Review | Songlines

Across the Field

Rating: ★★★

View album and artist details

Album and Artist Details

Artist/band:

House and Land

Label:

Thrill Jockey Records

November/2019

Across the Field has an appealingly ramshackle, rough-edged, home-made quality across its seven tracks. There is a refreshingly quirky and eccentric spontaneity to these traditional songs from the US and UK. House and Land are an inventive North Carolina-based duo of multi-instrumentalists, Sarah Louise and Sally Anne Morgan, and Across the Field captures the sound of like-minded musicians trying out different things on well-worn instruments. Their version of ‘The Blacksmith’, the lament of a girl betrayed known to many from Vaughan Williams & Bert Lloyd's Penguin Book of English Folk Songs, features trippy glockenspiel and tin whistle riffs atop a mesmeric squeezebox drone, although it never quite tips over into the intense retro spook-folk that it deserves.

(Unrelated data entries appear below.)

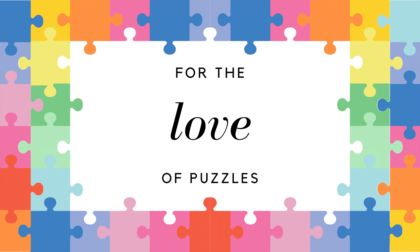Thank you so much for watching — I really appreciate it. For the love of puzzles, I hope you enjoy my videos. Please consider subscribing, and until next time, ciao!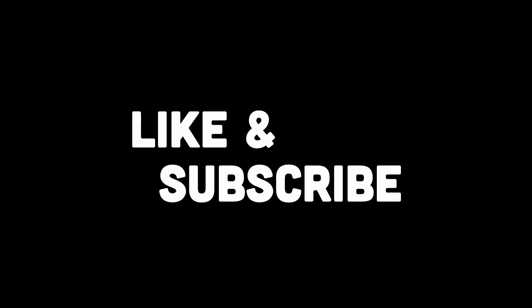Now with that, if you're done with this video and found it insightful, drop a like and subscribe for more.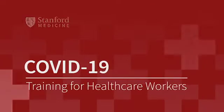Hi, I'm Dr. Mahadevan and I'm Dr. Strelow. We're emergency medicine faculty at Stanford University and we'd like to tell you about our important new course, COVID-19 training for healthcare workers.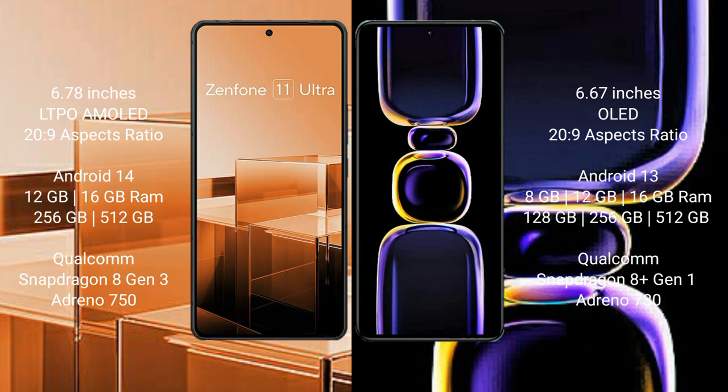Redmi K60 comes with 8GB, 12GB, and 16GB RAM, with 128GB, 256GB, and 512GB internal storage, Qualcomm Snapdragon 8 Gen 1 processor, and Adreno 730 GPU.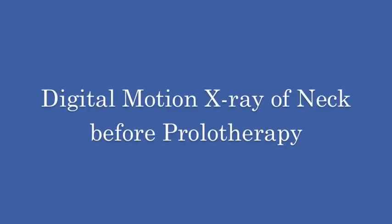Hi, my name is Dr. Ross Hauser. Anyone who follows me or the practice of prolotherapy is going to really enjoy this video.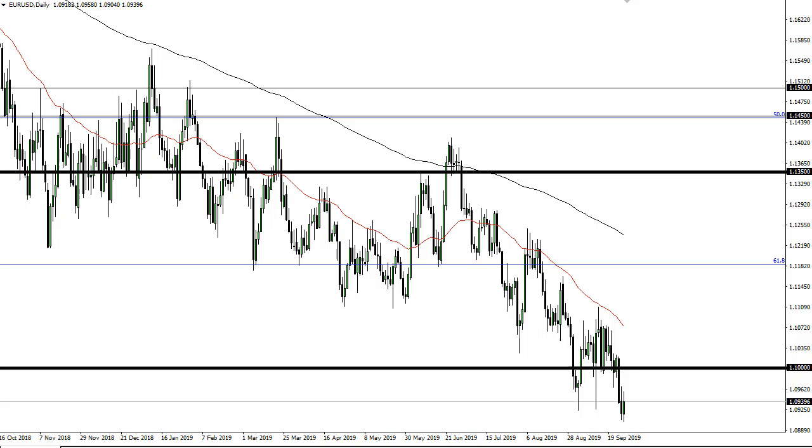From Daily Forex, this is Chris taking a look at the euro and the pound. As you can see, the euro has tried to rally a bit during the trading session but then broke down. At this point, it's just more of the same — you sell short-term rallies.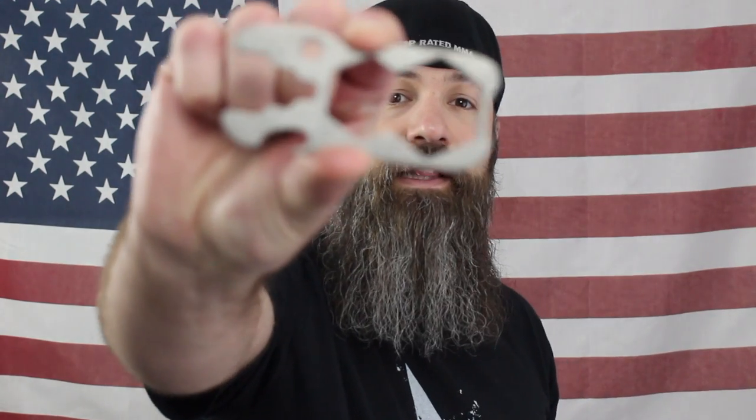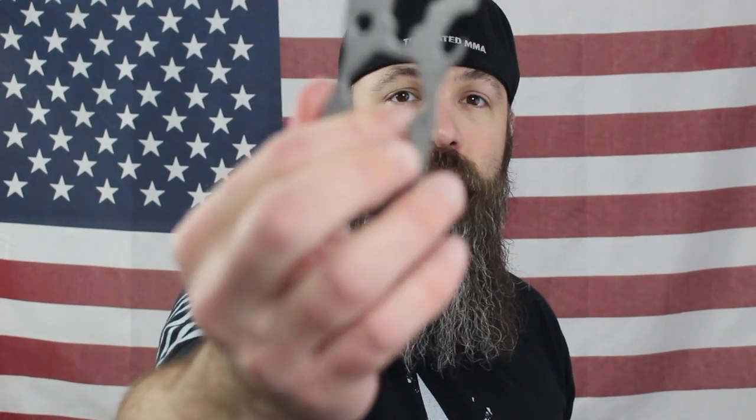This box also came with a really cool multi-tool. Looks like this — here's a bottle opener and some different tools on there that you can use.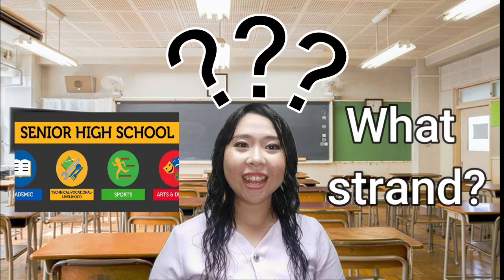Hello incoming grade 11 students! Are you confused on what strand to take this senior high school? Well let me help you with that.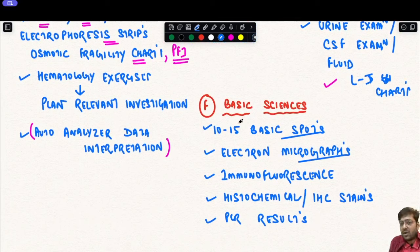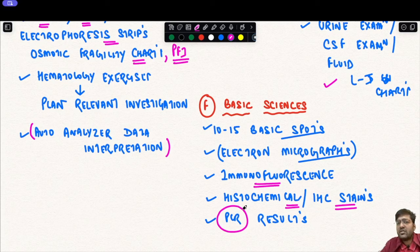In the basic sciences section, there may be 10–15 basic spots including electron micrographs for identification. Immunofluorescence charts may be given — for example, from vesicobullous lesional skin or kidney biopsies — and you must interpret the test and findings. Histochemical and cytochemical stains such as MPO staining charts may be given, requiring knowledge of procedure and interpretation, including leukocyte and RBC cytochemistry. IHC stains (e.g., ER, PR, HER2) and PCR results may also be given for interpretation.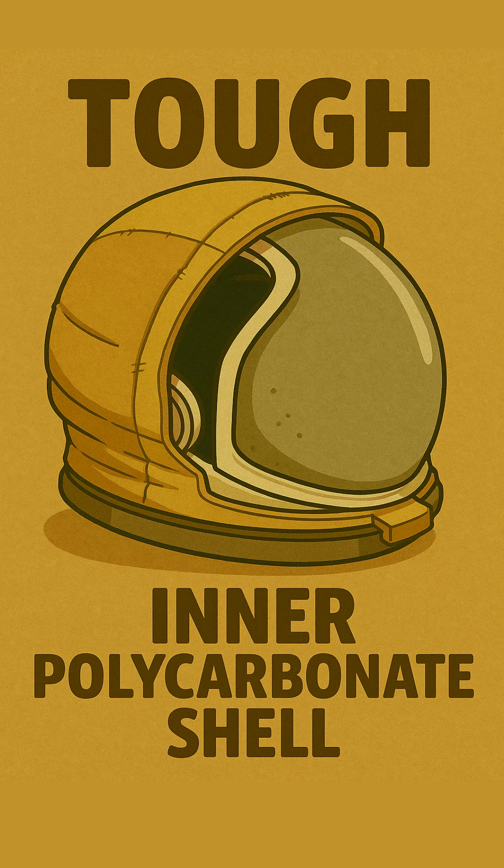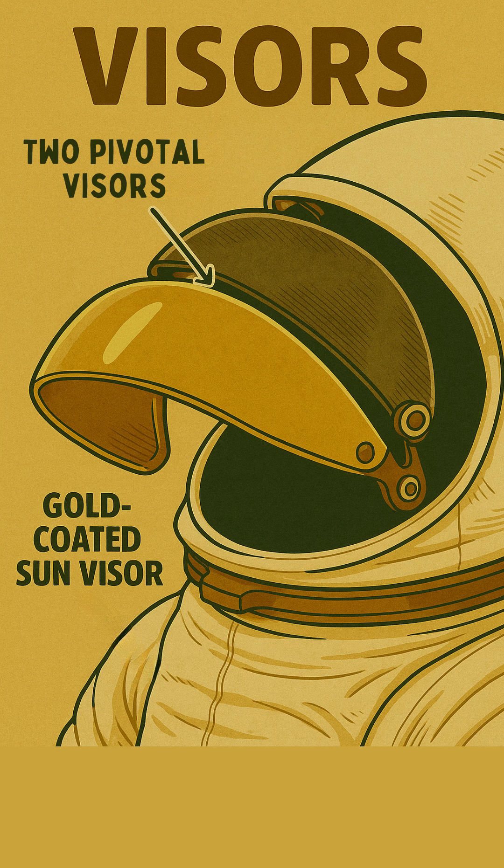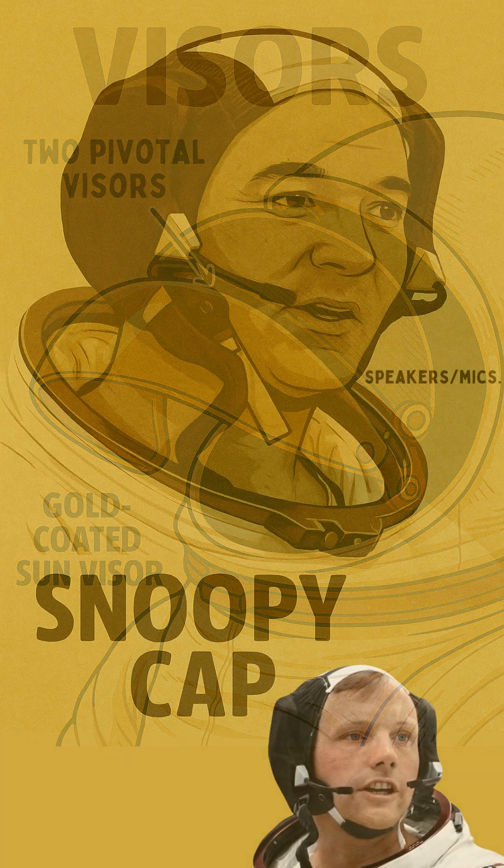Keeping them safe in the vacuum of space, there were the visors — not just one but usually two: an outer impact-resistant one for micrometeoroid protection, and a crucial gold-coated sun visor. That golden shield wasn't just stylish — it was essential, blocking harmful UV rays and the blinding glare on the super bright lunar surface.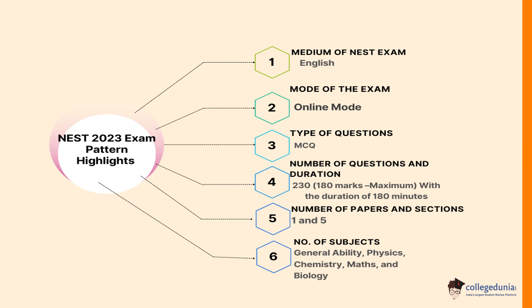Each subject section carries 50 marks, but the General section will carry 30 marks. There is no negative marking in the General section. However, negative marking is applied in the subject sections.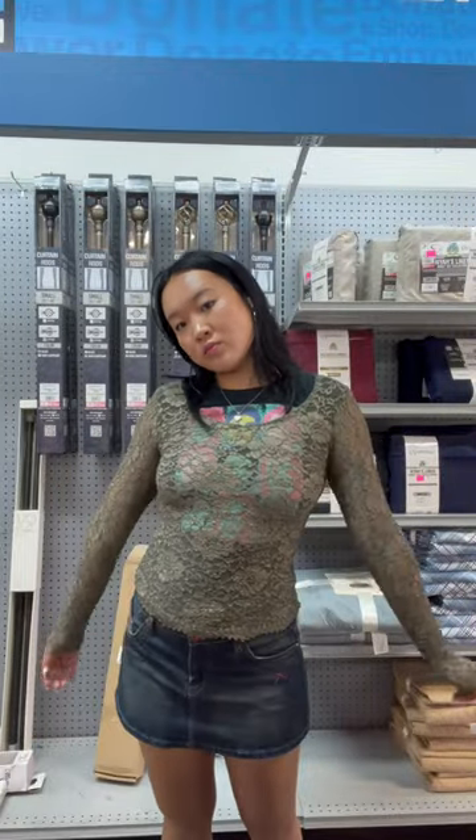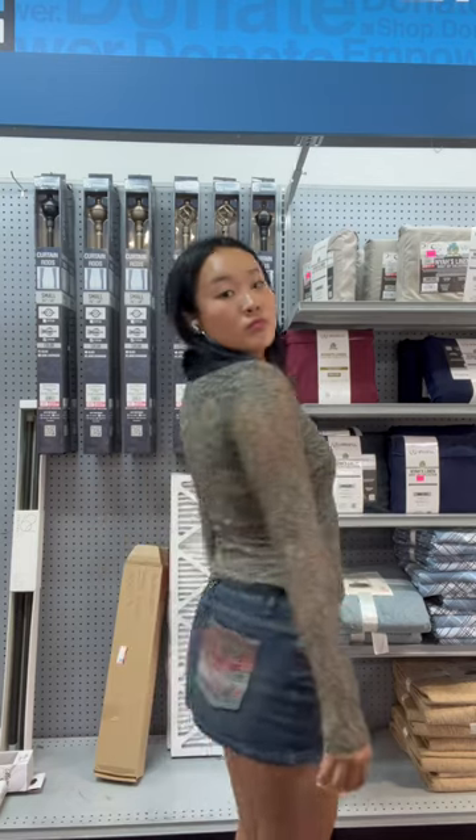I also love a good little lace top, and I thought this khaki colored one was so pretty. I love how it's completely sheer, but it was a little too small for me, so I ended up getting it for a style bundle instead.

The album is, it must be said, a little hit and miss. The pair's singing voices sometimes sound a trifle affected, erring on the side of an over-earnest stridency or an atmospheric waftiness. And there are some passages of sustained instrumental noodling that doesn't really go anywhere. The most effective tracks are where the duo's combined string instruments jangle sympathetically in a homespun wall of sound that favourably sets off their singing voices, framing them in an American old-time context. The opener, ‘Two Sisters,’ pairs banjo with simple but mesmeric electric guitar. Similarly, ‘Precious Jewels’ blends banjo with, by the sounds of it, dulcimer to achieve a crystalline quality. On these tracks the duo sound like the wayward heirs of an American tradition that encompasses the likes of Hazel Dickens & Alice Gerrard or Sarah Ogan Gunning.